ACTIVITY → Records follow. Print exactly the lines from the one that has "下面这幅图是一个牙周基本正常的人的口腔全景照片." through the one that has "Patent US12324578 Figure", inclusive, and omit the pictures.

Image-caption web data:
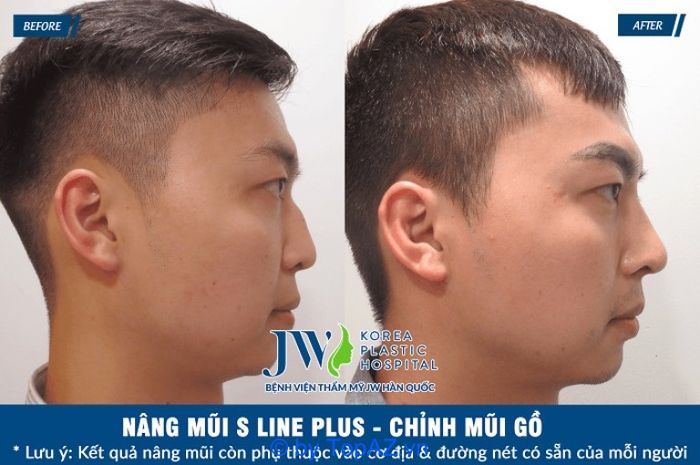 Địa chỉ nâng mũi dành cho nam giới đẹp tại TPHCM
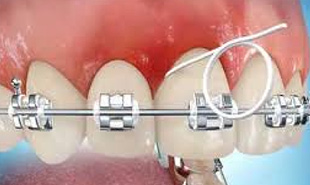 کشیدن نخ دندان در ارتودنسی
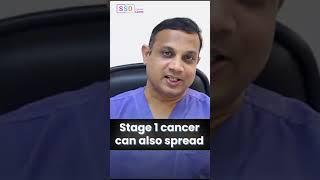 The Stages of Colon Cancer: Progression & Early Treatment? | SSO Hospital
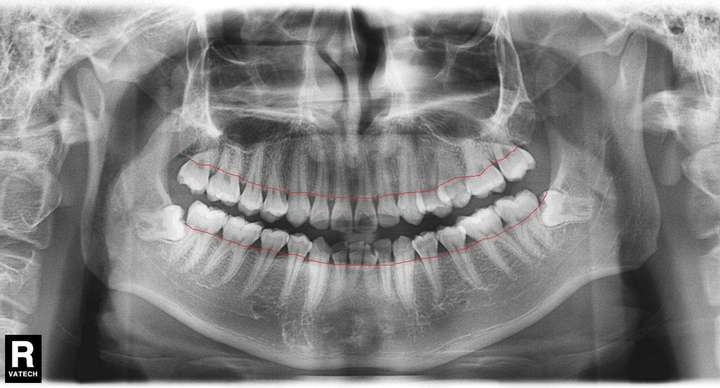 下面这幅图是一个牙周基本正常的人的口腔全景照片.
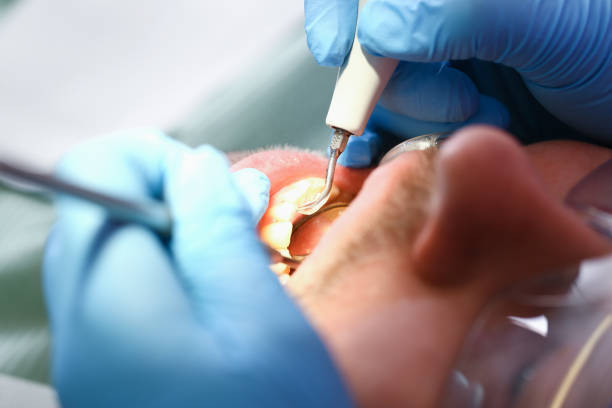 Best Emergency Gum Treatment in Lawton, MI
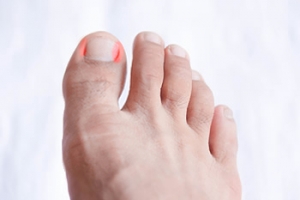 Causes of Ingrown Toenails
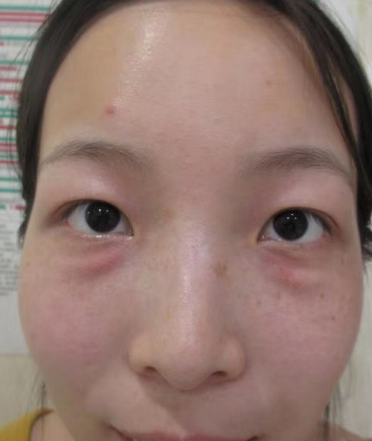 去眼袋手术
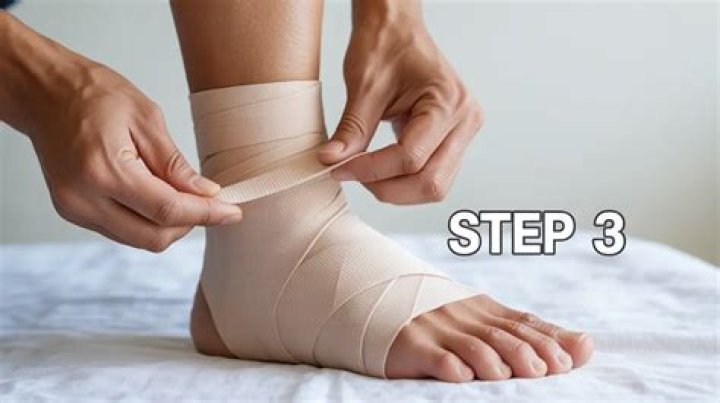 How do you tape a sprained foot?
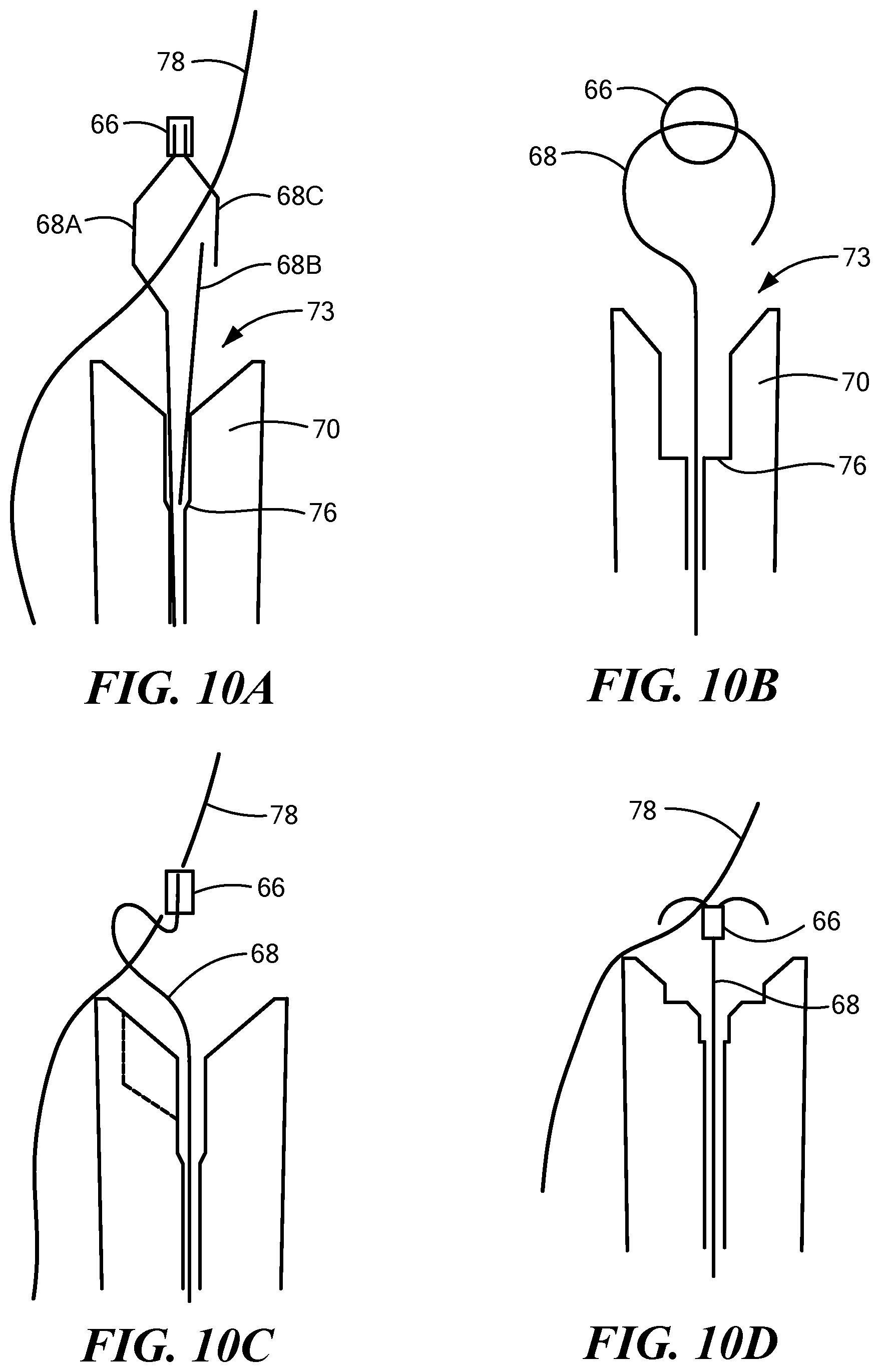 Patent US12324578 Figure 14 – Endoscopic suture cinch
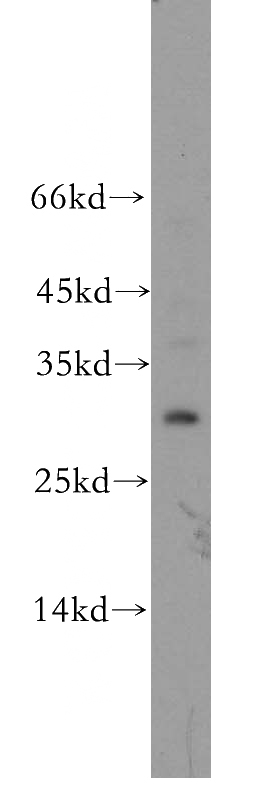 mouse liver tissue were subjected to SDS PAGE followed by western blot with Catalog No:111438(HOXD12 antibody) at dilution of 1:200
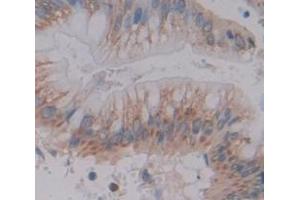 Used in DAB staining on fromalin fixed paraffin- embedded Kidney tissue (MUC3B antibody  (AA 836-931))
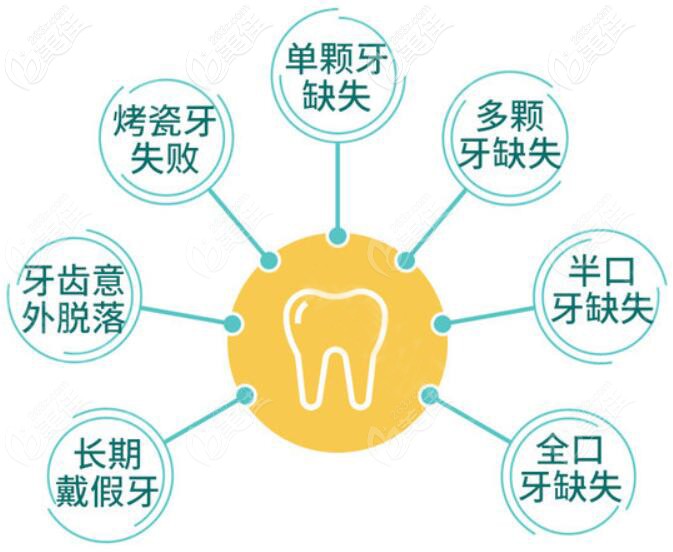 需要做種植牙的人群 需要做種植牙的人群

EXERCISE OUTPUT →
 下面这幅图是一个牙周基本正常的人的口腔全景照片.
 Best Emergency Gum Treatment in Lawton, MI
 Causes of Ingrown Toenails
 去眼袋手术
 How do you tape a sprained foot?
 Patent US12324578 Figure 14 – Endoscopic suture cinch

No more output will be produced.